This is Figure 31 from SCC15. The top plot (a) shows the northern hemisphere temperature reconstruction (in blue) from SCC15 compared to the atmospheric CO2 concentration (in red). This fit is very poor. The second (b) fits the CO2concentration to the temperature record and then the residuals to TSI, the fit here is also poor. The third plot (c) fits the temperatures to TSI only and the fit is much better. Finally the fourth plot (d) fits the TSI to the temperature record and the residuals to CO2 and the fit is the best.
Following is the discussion of the plots from SCC15:
“This suggests that, since at least 1881, Northern Hemisphere temperature trends have been primarily influenced by changes in Total Solar Irradiance, as opposed to atmospheric carbon dioxide concentrations. Note, however, that this result does not rule out a secondary contribution from atmospheric carbon dioxide. Indeed, the correlation coefficient for Model 4[d] is slightly better than Model 3[c] (i.e., ~0.50 vs. ~0.48). However, as we discussed above, this model (Model 4[d]) suggests that changes in atmospheric carbon dioxide are responsible for a warming of at most ~0.12°C [out of a total of 0.85°C] over the 1880-2012 period, i.e., it has so far only had at most a modest influence on Northern Hemisphere temperature trends.”
This is the last paragraph of SCC15:
“When we compared our new [surface temperature] composite to one of the high solar variability reconstructions of Total Solar Irradiance which was not considered by the CMIP5 hindcasts (i.e., the Hoyt & Schatten reconstruction), we found a remarkably close fit. If the Hoyt & Schatten reconstruction and our new Northern Hemisphere temperature trend estimates are accurate, then it seems that most of the temperature trends since at least 1881 can be explained in terms of solar variability, with atmospheric greenhouse gas concentrations providing at most a minor contribution. This contradicts the claim by the latest Intergovernmental Panel on Climate Change (IPCC) reports that most of the temperature trends since the 1950s are due to changes in atmospheric greenhouse gas concentrations (Bindoff et al., 2013).”
Conclusions
So, SCC15 suggests a maximum ECS for a doubling of CO2 is 0.44°C. They also suggest that of the 0.85°C warming since the late-19th Century only 0.12°C is due to anthropogenic effects, at least in the Northern Hemisphere where we have the best data. This is also a maximum anthropogenic effect since we are ignoring many other factors such as varying albedo (cloud cover, ice cover, etc.) and ocean heat transport cycles.

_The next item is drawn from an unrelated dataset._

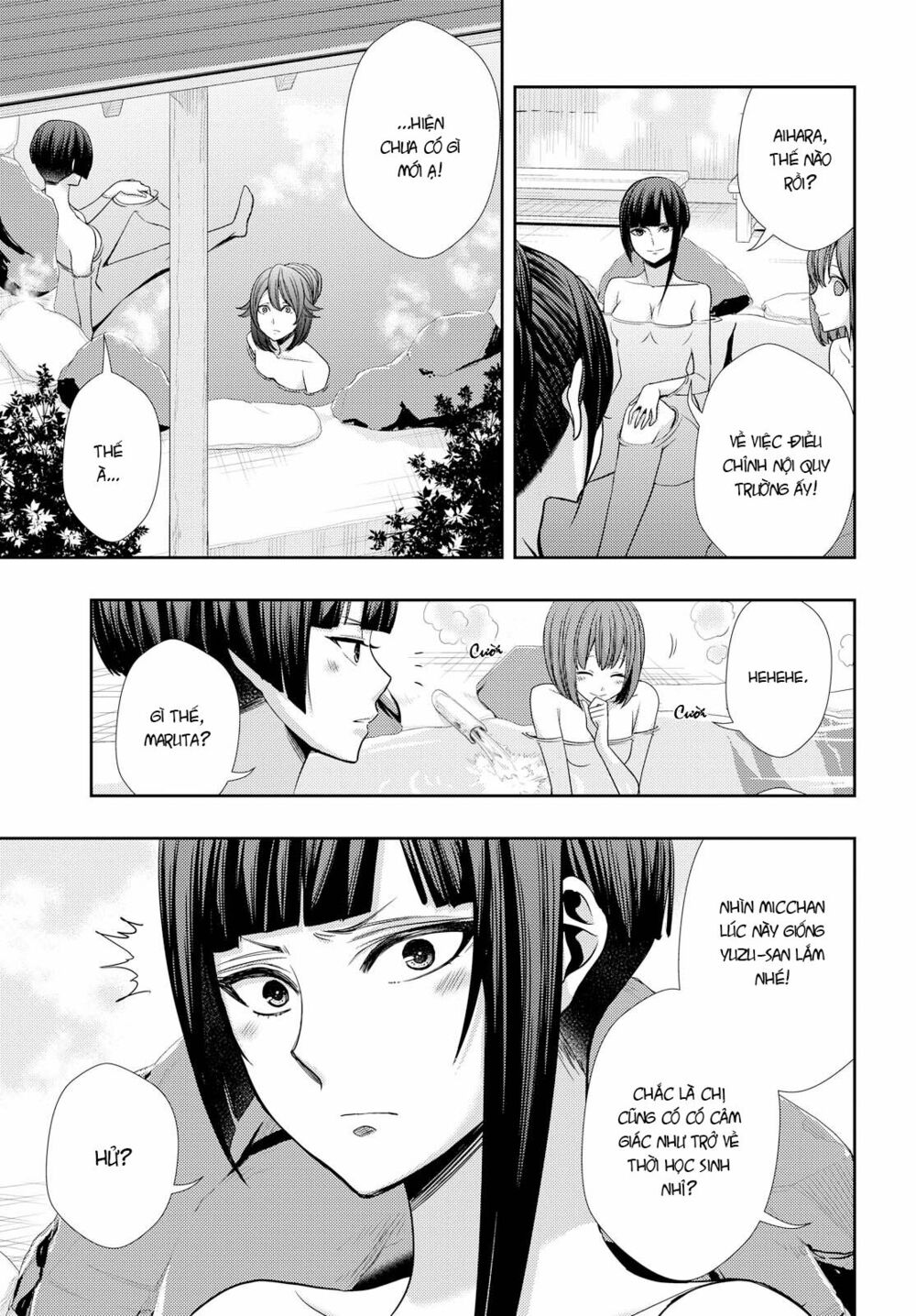 Citrus (Saburouta): Chapter 32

While the correlation between SCC15’s new temperature reconstruction and the Hoyt and Schatten TSI reconstruction is very good, the exact mechanism of how TSI variations affect the Earth’s climate is not known. SCC15 discusses two options, one is ocean circulation of heat and the other is the transport of heat between the Troposphere and the Stratosphere. Probably both of these mechanisms play some role in our changing climate.

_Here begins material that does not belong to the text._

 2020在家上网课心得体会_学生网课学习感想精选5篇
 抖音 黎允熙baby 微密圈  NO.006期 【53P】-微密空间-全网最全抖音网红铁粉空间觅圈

The Hoyt and Schatten TSI reconstruction was developed over 20 years ago and it still seems to work, which is something that cannot be said of any IPCC climate model.

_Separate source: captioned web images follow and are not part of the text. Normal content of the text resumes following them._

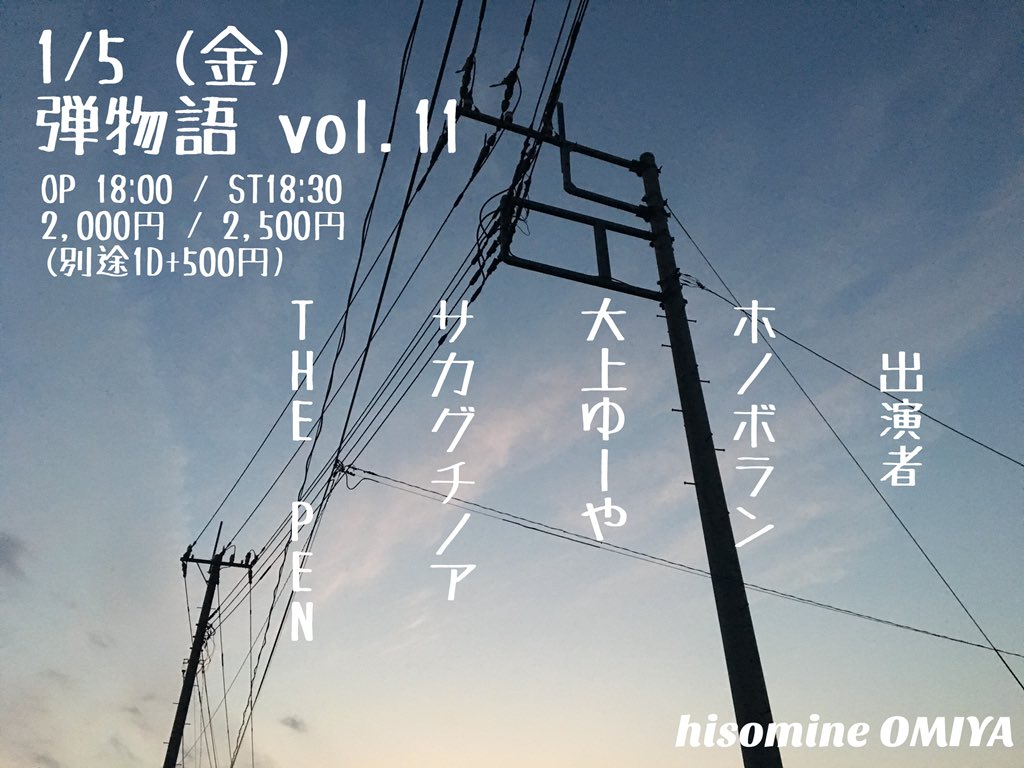 弾物語 vol.11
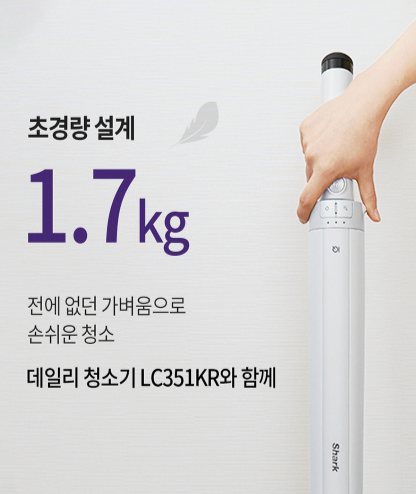 [LG헬로렌탈] 가전제품 렌탈로 만나는 샤크 닌자의 매력 4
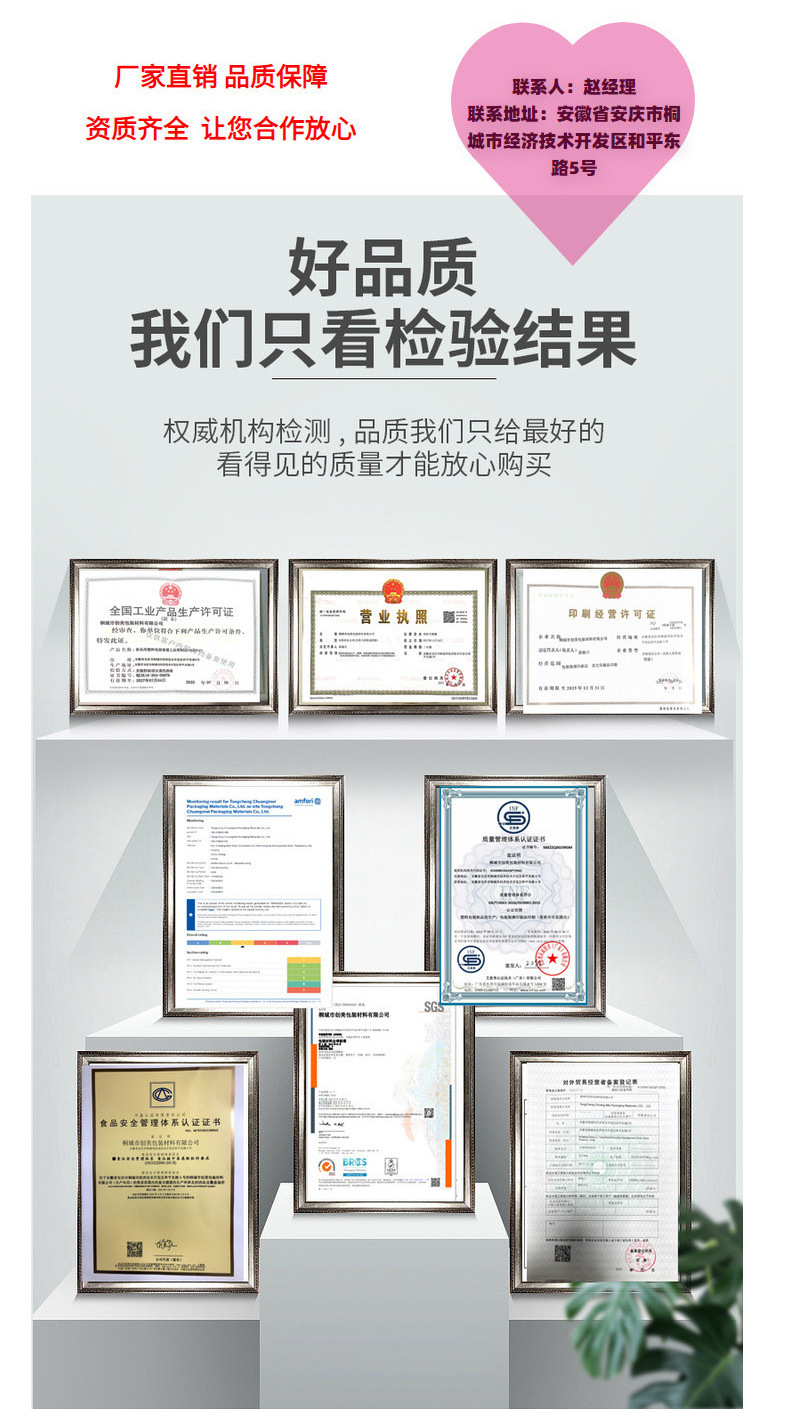 3d3987448f4f47e492c52161c62422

Constructing a surface temperature record is very difficult because this is where the atmosphere, land and oceans meet. It is a space that usually has the highest temperature gradients in the whole system, for example the ocean/atmosphere “skin” effect. Do you measure the “surface” temperature on the ground? One meter above the ground? One inch above the ocean water, at the ocean surface or one inch below the ocean surface in the warm layer? All of these temperatures will always be significantly different at the scales we are talking about, a few tenths of a degree C. The surface of the Earth is never in temperature equilibrium.
“While… [global mean surface temperature] is nothing more than an average over temperatures, it is regarded as the temperature, as if an average over temperatures is actually a temperature itself, and as if the out-of-equilibrium climate system has only one temperature. But an average of temperature data sampled from a non-equilibrium field is not a temperature. Moreover, it hardly needs stating that the Earth does not have just one temperature. It is not in global thermodynamic equilibrium — neither within itself nor with its surroundings.”
From Longhurst, 2015:
“One fundamental flaw in the use of this number is the assumption that small changes in surface air temperature must represent the accumulation or loss of heat by the planet because of the presence of greenhouse gases in the atmosphere and, with some reservations, this is a reasonable assumption on land. But at sea, and so over >70% of the Earth’s surface, change in the temperature of the air a few metres above the surface may reflect nothing more than changing vertical motion in the ocean in response to changing wind stress on the surface; consequently, changes in sea surface temperature (and in air a few metres above) do not necessarily represent significant changes in global heat content although this is the assumption customarily made.”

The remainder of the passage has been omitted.